[Stored records]

--------------------------------

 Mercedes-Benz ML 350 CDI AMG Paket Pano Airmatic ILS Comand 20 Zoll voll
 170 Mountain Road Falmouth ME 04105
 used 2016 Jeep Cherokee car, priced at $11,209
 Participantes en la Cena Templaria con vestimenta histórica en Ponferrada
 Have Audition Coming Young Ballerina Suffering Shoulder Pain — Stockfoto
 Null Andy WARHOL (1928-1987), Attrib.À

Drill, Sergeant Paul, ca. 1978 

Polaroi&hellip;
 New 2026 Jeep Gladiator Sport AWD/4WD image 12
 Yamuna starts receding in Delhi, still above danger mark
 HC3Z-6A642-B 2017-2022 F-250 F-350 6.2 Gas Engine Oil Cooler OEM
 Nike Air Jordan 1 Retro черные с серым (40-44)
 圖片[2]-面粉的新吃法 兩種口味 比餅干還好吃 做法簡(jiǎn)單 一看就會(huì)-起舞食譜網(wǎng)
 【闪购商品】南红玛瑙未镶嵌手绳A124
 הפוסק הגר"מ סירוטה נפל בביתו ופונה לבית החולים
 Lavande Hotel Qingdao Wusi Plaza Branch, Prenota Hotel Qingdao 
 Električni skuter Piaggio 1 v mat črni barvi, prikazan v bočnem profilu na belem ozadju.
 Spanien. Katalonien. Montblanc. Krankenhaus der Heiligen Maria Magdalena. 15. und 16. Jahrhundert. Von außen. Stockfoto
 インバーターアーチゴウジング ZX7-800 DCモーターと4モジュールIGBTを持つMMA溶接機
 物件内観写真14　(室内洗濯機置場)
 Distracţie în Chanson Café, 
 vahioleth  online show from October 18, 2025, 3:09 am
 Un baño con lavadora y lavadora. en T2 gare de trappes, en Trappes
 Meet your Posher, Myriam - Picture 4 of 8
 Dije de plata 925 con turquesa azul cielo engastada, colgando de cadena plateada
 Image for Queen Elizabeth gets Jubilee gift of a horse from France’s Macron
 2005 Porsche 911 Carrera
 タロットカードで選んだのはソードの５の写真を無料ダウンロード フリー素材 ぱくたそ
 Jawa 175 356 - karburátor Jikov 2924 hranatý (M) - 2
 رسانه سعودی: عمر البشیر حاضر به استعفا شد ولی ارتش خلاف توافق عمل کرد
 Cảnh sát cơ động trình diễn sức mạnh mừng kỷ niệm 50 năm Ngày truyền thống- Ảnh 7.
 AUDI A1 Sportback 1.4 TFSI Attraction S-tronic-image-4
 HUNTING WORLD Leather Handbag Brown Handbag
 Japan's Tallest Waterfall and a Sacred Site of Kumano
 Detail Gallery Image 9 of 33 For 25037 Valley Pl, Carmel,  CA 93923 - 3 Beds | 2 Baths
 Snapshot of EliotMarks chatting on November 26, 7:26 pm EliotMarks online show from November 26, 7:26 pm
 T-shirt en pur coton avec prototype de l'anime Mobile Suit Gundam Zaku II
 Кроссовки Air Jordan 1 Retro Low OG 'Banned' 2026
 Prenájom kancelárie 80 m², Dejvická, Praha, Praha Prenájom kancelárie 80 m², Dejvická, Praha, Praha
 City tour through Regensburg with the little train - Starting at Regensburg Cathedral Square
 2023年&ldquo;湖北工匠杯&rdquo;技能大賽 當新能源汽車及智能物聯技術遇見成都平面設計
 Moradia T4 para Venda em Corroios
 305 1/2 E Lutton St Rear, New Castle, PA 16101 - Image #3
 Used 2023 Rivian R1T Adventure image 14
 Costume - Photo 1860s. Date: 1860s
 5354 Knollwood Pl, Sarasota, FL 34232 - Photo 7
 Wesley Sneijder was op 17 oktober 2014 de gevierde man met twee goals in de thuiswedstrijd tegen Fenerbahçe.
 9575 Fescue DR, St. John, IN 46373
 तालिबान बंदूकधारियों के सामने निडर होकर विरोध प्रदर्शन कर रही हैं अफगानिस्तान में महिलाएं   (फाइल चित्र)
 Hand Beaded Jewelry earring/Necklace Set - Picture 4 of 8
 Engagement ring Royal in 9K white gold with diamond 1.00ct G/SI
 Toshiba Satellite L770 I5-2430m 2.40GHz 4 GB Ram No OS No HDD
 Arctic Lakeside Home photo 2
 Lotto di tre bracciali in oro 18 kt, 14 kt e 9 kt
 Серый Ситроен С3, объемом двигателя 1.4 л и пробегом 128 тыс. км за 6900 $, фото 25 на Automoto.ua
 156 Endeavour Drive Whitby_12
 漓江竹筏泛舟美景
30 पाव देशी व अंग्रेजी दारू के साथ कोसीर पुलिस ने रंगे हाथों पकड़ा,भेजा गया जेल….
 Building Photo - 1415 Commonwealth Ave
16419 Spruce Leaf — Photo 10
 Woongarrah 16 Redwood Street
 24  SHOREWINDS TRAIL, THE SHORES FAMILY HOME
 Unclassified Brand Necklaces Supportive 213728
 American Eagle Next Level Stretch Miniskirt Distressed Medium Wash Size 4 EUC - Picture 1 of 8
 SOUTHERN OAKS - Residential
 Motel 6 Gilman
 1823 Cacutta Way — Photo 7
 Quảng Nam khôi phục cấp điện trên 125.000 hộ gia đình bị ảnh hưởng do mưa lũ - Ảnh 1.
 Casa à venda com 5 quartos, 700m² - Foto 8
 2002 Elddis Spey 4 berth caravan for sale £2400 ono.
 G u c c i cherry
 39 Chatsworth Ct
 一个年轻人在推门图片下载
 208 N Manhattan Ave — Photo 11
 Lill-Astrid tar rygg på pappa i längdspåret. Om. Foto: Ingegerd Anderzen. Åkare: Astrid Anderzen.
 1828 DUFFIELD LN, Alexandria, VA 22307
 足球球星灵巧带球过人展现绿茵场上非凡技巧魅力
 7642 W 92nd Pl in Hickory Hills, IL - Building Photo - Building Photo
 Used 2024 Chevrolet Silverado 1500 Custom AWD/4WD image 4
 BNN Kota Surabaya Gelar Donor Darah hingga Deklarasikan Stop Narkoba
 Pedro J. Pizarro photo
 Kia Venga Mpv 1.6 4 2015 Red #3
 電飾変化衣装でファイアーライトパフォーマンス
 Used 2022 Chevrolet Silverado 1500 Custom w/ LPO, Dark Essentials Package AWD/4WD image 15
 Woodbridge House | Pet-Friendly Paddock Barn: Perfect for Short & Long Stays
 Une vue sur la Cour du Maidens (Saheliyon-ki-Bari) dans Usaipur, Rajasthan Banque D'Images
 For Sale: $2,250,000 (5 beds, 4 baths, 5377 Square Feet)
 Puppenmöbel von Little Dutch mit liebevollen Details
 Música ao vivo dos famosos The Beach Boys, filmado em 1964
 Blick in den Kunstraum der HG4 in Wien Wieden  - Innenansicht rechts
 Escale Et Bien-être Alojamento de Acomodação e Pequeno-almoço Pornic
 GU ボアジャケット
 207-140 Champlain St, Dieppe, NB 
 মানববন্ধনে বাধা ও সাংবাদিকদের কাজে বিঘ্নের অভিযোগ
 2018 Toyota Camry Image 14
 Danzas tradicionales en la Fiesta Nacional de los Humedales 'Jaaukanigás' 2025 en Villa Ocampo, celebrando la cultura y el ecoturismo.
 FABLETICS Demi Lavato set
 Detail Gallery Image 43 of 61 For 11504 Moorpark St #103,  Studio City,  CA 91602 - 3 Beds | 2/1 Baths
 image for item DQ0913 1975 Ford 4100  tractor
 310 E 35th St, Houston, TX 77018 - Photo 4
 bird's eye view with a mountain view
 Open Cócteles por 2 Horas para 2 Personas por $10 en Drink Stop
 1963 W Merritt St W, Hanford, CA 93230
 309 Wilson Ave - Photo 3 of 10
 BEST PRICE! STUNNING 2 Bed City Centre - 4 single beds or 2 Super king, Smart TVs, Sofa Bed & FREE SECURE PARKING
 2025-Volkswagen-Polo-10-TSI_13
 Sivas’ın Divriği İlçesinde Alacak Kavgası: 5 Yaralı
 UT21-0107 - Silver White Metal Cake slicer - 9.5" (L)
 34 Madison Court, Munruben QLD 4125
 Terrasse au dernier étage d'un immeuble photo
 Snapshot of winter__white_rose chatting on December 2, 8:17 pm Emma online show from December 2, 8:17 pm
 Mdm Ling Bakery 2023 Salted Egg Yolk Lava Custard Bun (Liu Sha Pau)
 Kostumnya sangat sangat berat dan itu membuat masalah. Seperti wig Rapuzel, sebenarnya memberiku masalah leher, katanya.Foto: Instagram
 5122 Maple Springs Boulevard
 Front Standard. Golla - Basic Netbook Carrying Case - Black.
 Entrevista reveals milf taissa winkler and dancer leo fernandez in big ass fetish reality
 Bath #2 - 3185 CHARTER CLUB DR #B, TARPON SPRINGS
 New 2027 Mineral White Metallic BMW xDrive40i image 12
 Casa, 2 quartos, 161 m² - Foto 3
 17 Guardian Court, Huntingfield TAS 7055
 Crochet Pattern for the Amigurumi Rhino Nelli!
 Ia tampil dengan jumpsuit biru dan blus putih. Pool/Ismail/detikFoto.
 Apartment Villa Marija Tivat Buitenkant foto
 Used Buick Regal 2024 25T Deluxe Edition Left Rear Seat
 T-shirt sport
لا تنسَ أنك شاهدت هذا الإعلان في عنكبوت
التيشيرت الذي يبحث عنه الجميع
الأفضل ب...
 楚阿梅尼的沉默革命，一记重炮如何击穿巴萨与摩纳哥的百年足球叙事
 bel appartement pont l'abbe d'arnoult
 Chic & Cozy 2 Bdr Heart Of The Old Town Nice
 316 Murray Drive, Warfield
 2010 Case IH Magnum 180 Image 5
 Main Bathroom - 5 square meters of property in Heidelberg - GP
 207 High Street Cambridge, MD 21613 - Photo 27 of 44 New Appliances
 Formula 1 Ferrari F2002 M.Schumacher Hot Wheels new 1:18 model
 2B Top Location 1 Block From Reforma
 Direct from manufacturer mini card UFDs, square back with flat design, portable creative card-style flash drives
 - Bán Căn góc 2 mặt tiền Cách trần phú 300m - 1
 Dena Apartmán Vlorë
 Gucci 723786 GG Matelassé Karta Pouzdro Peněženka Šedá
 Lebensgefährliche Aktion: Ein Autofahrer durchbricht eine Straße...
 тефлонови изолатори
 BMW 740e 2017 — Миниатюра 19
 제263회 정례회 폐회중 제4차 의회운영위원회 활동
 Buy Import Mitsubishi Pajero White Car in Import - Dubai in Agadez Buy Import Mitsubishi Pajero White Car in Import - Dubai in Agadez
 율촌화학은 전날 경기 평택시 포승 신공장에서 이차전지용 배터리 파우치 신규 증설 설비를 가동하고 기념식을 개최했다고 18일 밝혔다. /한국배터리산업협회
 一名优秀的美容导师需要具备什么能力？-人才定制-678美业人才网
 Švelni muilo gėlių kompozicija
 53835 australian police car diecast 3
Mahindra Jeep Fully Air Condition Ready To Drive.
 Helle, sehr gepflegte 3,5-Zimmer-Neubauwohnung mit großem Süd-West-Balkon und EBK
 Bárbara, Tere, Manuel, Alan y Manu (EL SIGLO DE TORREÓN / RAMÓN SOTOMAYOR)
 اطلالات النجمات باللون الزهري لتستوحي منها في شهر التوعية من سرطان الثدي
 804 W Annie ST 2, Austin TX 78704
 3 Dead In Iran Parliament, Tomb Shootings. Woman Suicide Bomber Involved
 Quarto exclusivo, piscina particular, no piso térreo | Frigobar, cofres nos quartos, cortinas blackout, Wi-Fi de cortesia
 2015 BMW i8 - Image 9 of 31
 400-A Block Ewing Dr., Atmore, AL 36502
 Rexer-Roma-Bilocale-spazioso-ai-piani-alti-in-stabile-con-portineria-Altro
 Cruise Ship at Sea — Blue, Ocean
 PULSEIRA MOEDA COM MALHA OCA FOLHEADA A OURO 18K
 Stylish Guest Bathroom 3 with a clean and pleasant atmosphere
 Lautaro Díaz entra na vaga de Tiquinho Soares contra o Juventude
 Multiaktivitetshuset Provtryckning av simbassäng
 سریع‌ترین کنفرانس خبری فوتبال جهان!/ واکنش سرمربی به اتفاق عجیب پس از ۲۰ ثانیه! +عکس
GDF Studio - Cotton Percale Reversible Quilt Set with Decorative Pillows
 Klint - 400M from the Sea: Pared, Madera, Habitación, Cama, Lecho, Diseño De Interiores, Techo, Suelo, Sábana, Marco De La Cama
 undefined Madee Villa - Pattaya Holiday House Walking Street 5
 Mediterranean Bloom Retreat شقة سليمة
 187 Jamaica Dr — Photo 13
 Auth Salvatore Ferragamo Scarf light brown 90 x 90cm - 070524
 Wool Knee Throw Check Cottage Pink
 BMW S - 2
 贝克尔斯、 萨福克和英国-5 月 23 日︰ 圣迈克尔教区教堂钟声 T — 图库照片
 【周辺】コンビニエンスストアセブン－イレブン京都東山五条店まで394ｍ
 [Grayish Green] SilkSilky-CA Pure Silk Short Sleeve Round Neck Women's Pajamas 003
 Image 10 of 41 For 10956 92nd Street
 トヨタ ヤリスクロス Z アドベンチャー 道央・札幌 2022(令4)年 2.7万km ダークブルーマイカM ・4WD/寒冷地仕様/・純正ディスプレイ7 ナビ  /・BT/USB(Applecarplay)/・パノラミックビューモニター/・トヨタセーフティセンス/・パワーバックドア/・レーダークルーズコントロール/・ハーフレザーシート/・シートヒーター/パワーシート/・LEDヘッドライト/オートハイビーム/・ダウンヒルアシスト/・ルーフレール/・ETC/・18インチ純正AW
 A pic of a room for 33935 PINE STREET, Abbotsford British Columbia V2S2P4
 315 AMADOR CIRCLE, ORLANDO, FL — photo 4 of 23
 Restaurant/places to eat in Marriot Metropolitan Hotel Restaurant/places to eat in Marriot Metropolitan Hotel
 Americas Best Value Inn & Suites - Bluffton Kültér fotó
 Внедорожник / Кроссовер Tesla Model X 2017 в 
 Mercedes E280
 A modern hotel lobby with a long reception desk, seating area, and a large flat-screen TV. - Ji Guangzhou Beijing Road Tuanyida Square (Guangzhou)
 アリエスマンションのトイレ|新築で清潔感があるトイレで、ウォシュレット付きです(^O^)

--------------------------------

In the entries above, find each line with the string "online" and copy it.

 vahioleth  online show from October 18, 2025, 3:09 am
 Snapshot of EliotMarks chatting on November 26, 7:26 pm EliotMarks online show from November 26, 7:26 pm
 Snapshot of winter__white_rose chatting on December 2, 8:17 pm Emma online show from December 2, 8:17 pm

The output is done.